TASK REQUIREMENTS:
Using the data beneath this instruction, retype only the lines from the one that contains "McGraw Island & Entryway" down to the one that contains "Patricia Nash Iberia", both included, exactly as they appear.

RECORDS TO PROCESS:

____________________

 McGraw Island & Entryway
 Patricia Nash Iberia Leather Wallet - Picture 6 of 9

____________________

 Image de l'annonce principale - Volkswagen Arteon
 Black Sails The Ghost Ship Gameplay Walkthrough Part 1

____________________

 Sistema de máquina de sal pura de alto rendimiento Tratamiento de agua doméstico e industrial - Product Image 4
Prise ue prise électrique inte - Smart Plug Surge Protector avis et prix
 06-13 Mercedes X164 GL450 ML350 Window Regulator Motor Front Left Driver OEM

____________________

YOUR RESPONSE:
 McGraw Island & Entryway
 Patricia Nash Iberia Leather Wallet - Picture 6 of 9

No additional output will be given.